Ten years of sustained super-success at the box office—and now with critics—has created a new normal for the movie industry. Will it ever end? And should it?

Getty Images/Ringer illustration

Everything feels broken, but superheroes are indestructible.

Five of the 10 highest-grossing movies released in the United States in 2017 are superhero stories. Ho-hum, you may be thinking, comic book movies always make a lot of money. This is true, though more now than ever. If the number holds at five—and with Justice League just days away, it could easily rise to six—it will be the largest preponderance of superhero movies at the top of the box office in the history of the movies. In fact, only once has the top 10 included four superhero movies—last year.

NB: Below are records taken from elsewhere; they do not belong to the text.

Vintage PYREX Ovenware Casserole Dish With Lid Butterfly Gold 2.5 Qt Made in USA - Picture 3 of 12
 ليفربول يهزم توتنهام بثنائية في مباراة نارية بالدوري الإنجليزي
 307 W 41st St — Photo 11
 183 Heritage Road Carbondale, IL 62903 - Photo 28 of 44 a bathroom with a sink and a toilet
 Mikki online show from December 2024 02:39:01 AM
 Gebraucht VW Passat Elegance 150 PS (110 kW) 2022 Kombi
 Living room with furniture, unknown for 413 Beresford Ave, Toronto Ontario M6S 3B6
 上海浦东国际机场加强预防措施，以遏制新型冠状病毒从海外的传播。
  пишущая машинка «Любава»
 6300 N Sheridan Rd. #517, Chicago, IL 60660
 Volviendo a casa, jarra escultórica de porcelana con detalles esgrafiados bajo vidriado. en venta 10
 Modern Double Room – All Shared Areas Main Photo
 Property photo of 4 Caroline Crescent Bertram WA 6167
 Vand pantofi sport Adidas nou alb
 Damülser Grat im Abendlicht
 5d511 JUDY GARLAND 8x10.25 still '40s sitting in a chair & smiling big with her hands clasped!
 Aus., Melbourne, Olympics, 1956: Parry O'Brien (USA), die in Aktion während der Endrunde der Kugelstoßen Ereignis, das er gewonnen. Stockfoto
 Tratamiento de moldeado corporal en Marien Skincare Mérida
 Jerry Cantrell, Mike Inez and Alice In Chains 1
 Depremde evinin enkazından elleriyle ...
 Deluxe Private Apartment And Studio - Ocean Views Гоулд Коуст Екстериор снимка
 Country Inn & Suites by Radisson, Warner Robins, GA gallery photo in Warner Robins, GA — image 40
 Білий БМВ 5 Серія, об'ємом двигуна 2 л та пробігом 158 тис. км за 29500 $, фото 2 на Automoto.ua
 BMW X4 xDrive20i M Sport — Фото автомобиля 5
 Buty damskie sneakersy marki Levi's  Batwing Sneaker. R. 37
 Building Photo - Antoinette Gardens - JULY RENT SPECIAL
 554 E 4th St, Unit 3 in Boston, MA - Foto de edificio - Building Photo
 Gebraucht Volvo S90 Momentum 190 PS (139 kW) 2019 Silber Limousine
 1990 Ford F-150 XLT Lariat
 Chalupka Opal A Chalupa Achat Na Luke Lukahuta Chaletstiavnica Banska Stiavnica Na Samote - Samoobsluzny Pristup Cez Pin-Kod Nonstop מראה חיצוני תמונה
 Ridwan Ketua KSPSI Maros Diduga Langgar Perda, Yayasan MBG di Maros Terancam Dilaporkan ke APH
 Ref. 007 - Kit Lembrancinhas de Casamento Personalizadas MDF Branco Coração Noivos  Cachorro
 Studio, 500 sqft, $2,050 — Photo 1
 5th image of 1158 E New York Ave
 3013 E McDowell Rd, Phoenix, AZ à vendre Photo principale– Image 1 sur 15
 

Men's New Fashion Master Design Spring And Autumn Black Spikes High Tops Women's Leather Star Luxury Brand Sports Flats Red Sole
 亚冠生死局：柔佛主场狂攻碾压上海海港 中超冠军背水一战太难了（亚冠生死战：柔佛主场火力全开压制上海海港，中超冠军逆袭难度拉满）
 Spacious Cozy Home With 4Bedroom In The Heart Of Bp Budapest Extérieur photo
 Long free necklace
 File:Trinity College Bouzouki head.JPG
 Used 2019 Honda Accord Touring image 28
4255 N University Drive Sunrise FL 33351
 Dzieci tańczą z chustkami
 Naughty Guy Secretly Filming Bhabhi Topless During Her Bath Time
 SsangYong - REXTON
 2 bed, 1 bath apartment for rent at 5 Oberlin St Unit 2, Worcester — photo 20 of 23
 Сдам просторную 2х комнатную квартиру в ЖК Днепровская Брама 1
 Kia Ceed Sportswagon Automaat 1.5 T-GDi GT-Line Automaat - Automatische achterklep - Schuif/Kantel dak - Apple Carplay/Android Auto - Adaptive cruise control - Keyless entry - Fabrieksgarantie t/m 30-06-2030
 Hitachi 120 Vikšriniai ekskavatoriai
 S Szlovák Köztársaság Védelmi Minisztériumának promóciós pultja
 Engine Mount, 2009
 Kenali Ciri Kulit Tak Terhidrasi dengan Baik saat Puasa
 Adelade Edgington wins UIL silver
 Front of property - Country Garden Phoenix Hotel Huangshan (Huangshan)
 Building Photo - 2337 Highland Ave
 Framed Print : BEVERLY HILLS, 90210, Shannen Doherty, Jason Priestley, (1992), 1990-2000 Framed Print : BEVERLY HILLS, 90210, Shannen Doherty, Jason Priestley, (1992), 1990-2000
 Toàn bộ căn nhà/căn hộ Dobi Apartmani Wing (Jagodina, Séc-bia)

But it’s more than just financial success powering this narrative. There is something complicating the inevitable feeling of the superhero crescendo, if it is that: Four of the year’s 10 best reviewed films are also superhero movies, according to the aggregators at Rotten Tomatoes. Wonder Woman (92 percent), Logan (93 percent), Thor: Ragnarok (93 percent), and Spider-Man: Homecoming (92 percent) all reside on both lists. (Guardians of the Galaxy Vol. 2 is the only box-office winner that failed to crack the RT list, clocking in at no. 58 with a respectable 82 percent freshness.) Collectively, these five films have earned more than $1.5 billion in the United States and nearly $4 billion across the world. They are the lifeblood of the movie industry.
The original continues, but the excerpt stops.